Decompression of a stream in output chunks without dictionary #32

maximevince · 2020-09-15T11:35:03Z

From the README, I gather:

Handling of output (decompressed) stream:

In-memory decompression, where output stream fully resides in memory.

Streaming decompression, which allows to process arbitrary-sized streams (longer than available memory), but requires in-memory buffer for Deflate dictionary window.

Application specifies number of output bytes it wants to decompress, which can be as high as UINT_MAX to decompress everything into memory at once, or as low as 1 to decompress byte by byte, or any other value to decompress a chunk of that size.

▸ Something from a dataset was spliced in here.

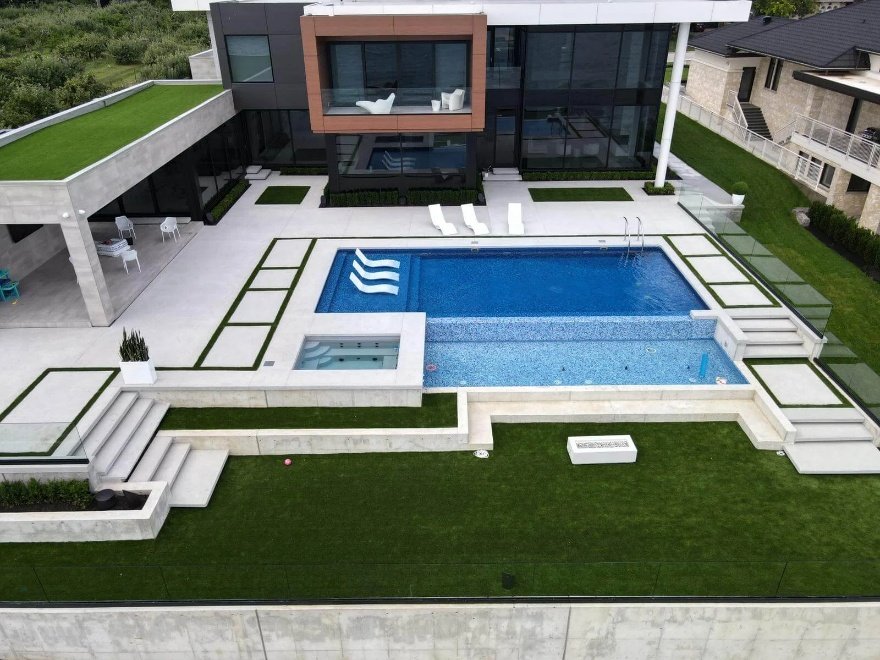 An amazing swimming pool surrounded by synthetic grass in a yard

Option 1 is not feasible on the target MCU (not enough RAM)
Option 2 works on a test application, but is not feasible on the target MCU, if the dictionary must be 32kB (not enough RAM)

That leaves me with:
Option 3: What I am trying to do is to decompress 128 bytes (or any other value) of bytes at a time (the 'chunk' size) from a stream. (Streaming the input in 128b chunks works fine!)

This 128 byte output works, once.

After that, if I re-init d.dest_start = d.dest = uz_data_dest;,
this will cause an error -3 when decompressing the next series of bytes.

I found out that this is because of the LZSS offset (lzOff) looking for previous occurrences of the same data, relative to the current position of the output buffer (hence d->dest[0] = d->dest[d->lzOff]). But since the output buffer has been re-initialized, these relative offsets are not valid anymore. So that sounds logical.

I gather that's why in this case, a dict is needed. Sure enough, I added a 32kB rambuffer to be used as dict, and it worked.
However, on the target embedded system, I don't have 32kB of RAM...

So the question is:

Can decompressing in chunks (writing to the same RAM location for every chunk) be done without dictionary?
If not, how big must the dictionary really be? Can a size smaller than 32kB be used and what are the conditions?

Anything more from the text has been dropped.